La Argentina, con un equipo al que luego tildaron de aburguesado y dormido en los laureles, viajó a España en 1982 a defender el título obtenido bajo el ala de la dictadura de Videla. Si cuatro años antes el contexto había sido la represión clandestina de un Estado terrorista, ahora era la Guerra de Malvinas.

Destinada a la indiferencia política -podría decirse que al disparate-, la Selección argentina disputó el Mundial mientras millares de compatriotas adolescentes padecían en las trincheras heladas una guerra inventada por los militares para permanecer en el gobierno.

portada malvinasA pesar de la inclusión de Maradona -terminó la competencia tristemente, con una expulsión-, el equipo no rindió como se esperaba y el campeón fue Italia. Pero el recuerdo más grato de España 82 es el exquisito mediocampo de Brasil, con Sócrates, Falcao, Toninho Cerezo y Zico. Ellos le dieron sentido al Mundial.

En noviembre de ese mismo año, en Polonia, luego de un año en prisión, fue liberado Lech Walesa, líder del sindicato Solidaridad y una de las figuras políticas más relevantes de la década, signada por el resquebrajamiento del bloque soviético, en el que Polonia revistaba.

Walesa emergió en el mapa mundial en 1980, en medio de la grave crisis económica polaca, cuando tuvo un rol protagónico en las huelgas iniciadas en el astillero Lenin, de la ciudad de Gdansk, que no tardaron en diseminarse por todo el país.

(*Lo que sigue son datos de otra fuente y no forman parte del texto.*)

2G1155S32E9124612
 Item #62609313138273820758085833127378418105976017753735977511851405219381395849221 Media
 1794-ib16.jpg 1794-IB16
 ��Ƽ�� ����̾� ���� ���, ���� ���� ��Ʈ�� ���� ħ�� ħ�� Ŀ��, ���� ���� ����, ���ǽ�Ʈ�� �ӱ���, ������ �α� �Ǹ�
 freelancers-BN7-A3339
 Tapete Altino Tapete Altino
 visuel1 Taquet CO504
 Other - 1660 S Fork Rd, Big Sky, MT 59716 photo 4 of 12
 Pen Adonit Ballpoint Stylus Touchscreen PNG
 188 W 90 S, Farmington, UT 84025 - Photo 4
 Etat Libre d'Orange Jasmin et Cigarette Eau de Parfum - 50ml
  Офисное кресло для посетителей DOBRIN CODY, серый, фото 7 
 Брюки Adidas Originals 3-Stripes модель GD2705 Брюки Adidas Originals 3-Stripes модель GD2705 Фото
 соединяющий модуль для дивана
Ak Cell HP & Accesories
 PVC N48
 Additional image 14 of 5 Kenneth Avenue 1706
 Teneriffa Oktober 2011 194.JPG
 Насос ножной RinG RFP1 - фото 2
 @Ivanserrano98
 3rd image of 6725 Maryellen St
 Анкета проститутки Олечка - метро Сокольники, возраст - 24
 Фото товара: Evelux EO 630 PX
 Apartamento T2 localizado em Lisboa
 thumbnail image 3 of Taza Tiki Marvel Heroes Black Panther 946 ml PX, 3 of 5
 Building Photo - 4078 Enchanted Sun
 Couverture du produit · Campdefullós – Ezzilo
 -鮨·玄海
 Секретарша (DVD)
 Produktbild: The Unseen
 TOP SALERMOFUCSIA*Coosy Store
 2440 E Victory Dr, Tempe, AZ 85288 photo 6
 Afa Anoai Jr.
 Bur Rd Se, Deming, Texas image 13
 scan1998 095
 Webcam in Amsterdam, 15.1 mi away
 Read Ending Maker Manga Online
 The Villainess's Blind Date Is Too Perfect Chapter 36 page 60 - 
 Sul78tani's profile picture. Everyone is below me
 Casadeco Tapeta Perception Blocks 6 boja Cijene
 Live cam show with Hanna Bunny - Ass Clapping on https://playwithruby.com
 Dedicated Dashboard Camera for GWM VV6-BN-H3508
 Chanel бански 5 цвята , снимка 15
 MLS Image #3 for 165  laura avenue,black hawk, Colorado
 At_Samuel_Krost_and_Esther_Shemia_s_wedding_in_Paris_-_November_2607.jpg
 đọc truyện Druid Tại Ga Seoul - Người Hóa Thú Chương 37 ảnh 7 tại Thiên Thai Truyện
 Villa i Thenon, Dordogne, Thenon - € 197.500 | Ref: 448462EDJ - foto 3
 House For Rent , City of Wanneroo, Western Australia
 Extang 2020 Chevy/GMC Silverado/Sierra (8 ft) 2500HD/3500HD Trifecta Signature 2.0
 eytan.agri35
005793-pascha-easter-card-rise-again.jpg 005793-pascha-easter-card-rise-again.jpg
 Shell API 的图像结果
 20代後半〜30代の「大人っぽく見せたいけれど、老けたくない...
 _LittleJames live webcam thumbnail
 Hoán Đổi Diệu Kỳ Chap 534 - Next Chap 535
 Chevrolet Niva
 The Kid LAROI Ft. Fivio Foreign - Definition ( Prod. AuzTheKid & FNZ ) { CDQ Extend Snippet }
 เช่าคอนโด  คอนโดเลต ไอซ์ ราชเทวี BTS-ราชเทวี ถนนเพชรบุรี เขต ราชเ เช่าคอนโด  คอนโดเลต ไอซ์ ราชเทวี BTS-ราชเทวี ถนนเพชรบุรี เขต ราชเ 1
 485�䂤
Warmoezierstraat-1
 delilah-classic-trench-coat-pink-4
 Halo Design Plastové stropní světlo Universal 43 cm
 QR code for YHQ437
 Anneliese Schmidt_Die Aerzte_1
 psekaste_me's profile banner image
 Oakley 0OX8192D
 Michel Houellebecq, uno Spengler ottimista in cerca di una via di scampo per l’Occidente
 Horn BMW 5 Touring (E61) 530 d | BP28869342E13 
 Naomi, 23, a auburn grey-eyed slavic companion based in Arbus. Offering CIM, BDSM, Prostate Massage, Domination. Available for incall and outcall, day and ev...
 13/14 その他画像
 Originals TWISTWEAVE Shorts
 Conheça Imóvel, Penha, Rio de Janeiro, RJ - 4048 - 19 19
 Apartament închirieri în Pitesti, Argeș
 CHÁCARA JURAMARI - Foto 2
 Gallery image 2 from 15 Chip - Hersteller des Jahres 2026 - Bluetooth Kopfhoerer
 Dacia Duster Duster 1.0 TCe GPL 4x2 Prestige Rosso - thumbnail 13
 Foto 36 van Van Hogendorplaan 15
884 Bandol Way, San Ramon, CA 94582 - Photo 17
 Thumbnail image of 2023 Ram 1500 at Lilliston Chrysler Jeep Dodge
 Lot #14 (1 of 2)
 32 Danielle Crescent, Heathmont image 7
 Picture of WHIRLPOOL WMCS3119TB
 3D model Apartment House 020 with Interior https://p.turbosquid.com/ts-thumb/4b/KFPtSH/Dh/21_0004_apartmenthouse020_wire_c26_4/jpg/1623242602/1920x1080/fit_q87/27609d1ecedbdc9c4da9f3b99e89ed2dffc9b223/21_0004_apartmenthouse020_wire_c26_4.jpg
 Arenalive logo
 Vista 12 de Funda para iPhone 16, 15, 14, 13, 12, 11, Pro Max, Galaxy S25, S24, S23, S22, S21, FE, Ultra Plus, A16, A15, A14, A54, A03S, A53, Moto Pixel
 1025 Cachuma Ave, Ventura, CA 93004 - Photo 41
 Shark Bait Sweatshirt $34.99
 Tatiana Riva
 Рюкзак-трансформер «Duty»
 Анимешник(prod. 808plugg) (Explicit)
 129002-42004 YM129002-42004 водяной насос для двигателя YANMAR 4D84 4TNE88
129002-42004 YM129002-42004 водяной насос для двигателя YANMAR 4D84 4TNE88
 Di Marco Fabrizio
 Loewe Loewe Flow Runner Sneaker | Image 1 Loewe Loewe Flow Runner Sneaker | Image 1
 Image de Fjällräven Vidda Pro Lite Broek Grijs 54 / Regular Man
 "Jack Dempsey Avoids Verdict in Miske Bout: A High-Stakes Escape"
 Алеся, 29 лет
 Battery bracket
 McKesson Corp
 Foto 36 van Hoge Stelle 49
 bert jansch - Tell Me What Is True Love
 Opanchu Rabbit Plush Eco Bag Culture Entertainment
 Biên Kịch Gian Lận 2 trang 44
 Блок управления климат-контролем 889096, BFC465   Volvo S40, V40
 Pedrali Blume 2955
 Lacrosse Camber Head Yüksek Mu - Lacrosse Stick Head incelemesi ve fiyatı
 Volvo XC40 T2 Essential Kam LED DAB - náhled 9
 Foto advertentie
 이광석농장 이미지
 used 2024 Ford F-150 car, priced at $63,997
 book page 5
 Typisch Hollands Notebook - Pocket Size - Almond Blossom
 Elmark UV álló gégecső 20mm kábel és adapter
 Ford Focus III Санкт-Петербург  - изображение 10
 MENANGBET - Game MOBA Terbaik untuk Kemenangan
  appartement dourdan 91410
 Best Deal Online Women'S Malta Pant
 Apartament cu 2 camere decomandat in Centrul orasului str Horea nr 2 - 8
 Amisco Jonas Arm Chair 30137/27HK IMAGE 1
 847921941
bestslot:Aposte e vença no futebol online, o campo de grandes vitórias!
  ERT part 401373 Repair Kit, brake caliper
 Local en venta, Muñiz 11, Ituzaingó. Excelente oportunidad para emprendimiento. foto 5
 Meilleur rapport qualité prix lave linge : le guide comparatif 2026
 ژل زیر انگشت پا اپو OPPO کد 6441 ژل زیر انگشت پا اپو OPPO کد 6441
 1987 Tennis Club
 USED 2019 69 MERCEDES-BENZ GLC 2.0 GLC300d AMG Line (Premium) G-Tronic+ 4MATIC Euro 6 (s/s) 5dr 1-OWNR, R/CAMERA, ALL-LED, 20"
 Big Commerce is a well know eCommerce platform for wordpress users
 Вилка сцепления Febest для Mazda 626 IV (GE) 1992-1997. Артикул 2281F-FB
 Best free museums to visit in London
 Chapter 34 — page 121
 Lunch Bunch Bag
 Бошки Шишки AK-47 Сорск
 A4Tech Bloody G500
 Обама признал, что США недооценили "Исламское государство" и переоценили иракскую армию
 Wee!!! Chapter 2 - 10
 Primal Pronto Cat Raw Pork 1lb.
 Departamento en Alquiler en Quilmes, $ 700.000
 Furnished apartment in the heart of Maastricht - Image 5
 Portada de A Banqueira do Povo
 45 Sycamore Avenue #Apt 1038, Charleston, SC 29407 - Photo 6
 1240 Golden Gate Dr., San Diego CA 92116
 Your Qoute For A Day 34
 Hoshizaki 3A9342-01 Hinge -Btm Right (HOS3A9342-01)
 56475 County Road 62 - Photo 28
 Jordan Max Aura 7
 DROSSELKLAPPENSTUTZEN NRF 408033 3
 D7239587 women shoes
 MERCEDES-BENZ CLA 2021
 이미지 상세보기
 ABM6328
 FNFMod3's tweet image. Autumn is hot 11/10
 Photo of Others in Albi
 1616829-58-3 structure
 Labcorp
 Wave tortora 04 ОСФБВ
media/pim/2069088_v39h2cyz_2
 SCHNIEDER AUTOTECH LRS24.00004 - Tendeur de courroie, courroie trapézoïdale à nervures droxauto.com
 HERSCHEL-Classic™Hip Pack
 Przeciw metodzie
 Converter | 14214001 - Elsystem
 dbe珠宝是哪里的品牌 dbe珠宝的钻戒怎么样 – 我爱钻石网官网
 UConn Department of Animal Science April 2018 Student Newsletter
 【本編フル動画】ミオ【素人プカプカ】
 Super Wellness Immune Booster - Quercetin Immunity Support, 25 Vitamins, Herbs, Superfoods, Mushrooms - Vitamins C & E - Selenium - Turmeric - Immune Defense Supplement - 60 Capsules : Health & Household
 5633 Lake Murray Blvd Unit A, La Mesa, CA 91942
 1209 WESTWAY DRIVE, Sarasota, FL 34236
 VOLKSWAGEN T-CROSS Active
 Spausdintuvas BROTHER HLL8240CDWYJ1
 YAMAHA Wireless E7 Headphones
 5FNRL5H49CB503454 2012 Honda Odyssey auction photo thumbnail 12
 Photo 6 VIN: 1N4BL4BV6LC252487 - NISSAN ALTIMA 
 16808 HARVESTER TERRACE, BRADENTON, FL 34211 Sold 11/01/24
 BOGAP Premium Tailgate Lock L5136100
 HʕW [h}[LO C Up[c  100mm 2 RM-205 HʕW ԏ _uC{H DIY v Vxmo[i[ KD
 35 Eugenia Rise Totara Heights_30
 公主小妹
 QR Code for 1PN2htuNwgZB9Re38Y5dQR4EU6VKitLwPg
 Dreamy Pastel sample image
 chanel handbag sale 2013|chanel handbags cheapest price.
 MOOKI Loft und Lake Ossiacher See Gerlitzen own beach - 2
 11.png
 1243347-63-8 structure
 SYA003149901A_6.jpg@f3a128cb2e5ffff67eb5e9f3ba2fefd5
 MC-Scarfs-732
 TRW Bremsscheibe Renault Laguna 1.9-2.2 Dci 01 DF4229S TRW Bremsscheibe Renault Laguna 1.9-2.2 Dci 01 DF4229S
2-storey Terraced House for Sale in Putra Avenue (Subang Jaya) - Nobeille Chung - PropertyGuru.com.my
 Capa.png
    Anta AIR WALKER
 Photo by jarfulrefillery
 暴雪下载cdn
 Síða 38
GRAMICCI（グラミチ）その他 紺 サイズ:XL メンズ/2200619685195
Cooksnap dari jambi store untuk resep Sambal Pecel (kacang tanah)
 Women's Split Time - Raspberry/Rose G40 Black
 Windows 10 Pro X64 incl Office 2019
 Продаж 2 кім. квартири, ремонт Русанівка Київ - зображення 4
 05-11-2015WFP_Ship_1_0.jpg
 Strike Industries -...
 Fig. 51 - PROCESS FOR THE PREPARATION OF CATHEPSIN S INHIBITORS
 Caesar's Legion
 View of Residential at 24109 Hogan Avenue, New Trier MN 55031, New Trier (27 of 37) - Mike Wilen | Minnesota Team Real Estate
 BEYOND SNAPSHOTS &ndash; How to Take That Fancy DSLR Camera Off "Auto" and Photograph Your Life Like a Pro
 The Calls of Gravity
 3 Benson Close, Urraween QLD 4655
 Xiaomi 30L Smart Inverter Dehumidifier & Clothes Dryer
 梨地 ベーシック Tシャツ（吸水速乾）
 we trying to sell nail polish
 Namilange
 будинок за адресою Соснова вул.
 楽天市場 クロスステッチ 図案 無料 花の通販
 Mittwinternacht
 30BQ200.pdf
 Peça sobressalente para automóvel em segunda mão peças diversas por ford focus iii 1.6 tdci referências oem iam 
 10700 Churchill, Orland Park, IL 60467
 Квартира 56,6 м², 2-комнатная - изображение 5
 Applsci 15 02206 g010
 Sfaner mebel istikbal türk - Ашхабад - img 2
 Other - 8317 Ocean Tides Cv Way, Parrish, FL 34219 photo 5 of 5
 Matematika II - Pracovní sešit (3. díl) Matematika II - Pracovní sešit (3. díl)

La situación acuciante de los trabajadores, sumada a las vacilaciones del Partido Obrero Unificado Polaco (la burocracia que gobernaba) permitió la expansión de un movimiento que estaba en la mira de todo occidente, por cuanto horadaba el poder soviético.

Solidaridad se transformó en un sindicato independiente del control comunista. Y no solo eso: como emblema libertario (sintetizado en el rostro de tupidos bigotes de Walesa) fue el punto de confluencia de otros grupos que se plegaron a esta nueva y vigorosa corriente.

Un dato no menor para entender el peso que logró el flamante sindicato es el papel que cumplió la Iglesia Católica, que apoyó a los obreros en lucha y les dio protección institucional. Había un papa polaco, Karol Wojtyla (una coincidencia feliz para el sindicalismo rebelde), que en los primeros días de 1981 recibió a Walesa, junto a la plana mayor de Solidaridad.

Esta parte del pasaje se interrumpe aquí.